Mechanical Engineering
Fort Hood, TX

Bailey knew early on that he wanted to work in the alternative energy automotive industry. He decided the best way to get a foot in the door and affect change towards alternative energy vehicles was to become a mechanical engineer, so he chose to study mechanical engineering. During a campus tour at UTSA, he fell in love with the community and just knew he was meant to be a Roadrunner.

What makes UTSA and its engineering program great?

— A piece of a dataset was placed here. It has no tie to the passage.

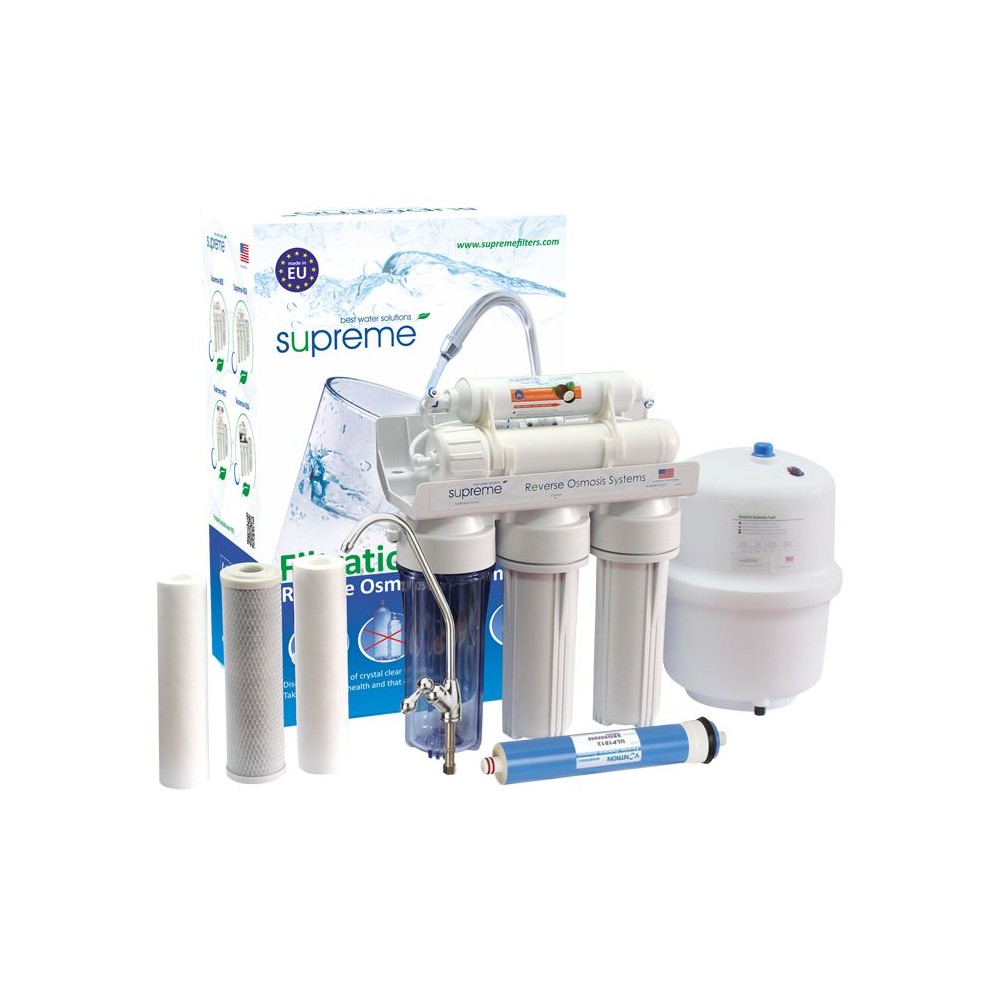 Pięciostopniowy system Odwróconej Osmozy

I love the sense of identity and community we have in the College of Engineering (COE). I appreciate all the amazing resources and programs COE offers. It’s incredible what a solid support network and reasonable expectations can do for your studies and your mental health. UTSA is a welcoming university with a rich campus life experience. As a pansexual, I have never felt unwelcome at UTSA. I feel safe and comfortable being unapologetically me. I hope every Roadrunner feels safe being who they are here and in our community. I want to do my part to make UTSA even more welcoming and inclusive so that now and forever, we remain Roadrunners.

Tell us about COE’s Freshman Interest Group (FIG) Program and what it’s like to be a Peer Advisor!

FIG helps first-year engineering students form connections in their community and create a lasting support network that will help them succeed. I was a FIG student my first year, and I still stay in touch with friends from my cohort. It’s really rewarding to be a Peer Advisor now.

What things are you involved in at UTSA?

I found myself getting really involved in the Student Government Association (SGA), where I currently serve as Speaker of the Senate. I also started a student group called the Council on Diversity and Inclusion (CODI) to help minority groups, like the LGBTQ+ community, feel represented within the COE.

Do you have any advice for Future Roadrunners?

Get involved! This has helped me when I am struggling in my classes. I don’t get overwhelmed or burnt out, because I know I can receive support from the communities I’m involved in.